** Input follows **

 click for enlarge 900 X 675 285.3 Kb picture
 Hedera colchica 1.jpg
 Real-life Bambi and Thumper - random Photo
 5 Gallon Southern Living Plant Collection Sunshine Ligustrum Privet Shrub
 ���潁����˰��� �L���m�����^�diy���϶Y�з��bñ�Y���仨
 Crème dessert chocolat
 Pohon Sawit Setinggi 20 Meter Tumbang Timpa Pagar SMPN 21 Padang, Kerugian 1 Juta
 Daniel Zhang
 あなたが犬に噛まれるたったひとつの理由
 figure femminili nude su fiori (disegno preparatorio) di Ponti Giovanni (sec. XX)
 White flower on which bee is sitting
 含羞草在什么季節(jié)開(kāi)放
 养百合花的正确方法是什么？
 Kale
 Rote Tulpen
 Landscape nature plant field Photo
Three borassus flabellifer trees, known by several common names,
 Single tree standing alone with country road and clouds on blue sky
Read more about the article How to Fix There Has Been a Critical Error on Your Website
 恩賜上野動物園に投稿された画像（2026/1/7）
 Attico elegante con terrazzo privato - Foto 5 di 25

** End of Input **

=== Work task ===
Every line above that includes the word "Photo" should be listed.

=== Result for this exercise ===
 Real-life Bambi and Thumper - random Photo
 Landscape nature plant field Photo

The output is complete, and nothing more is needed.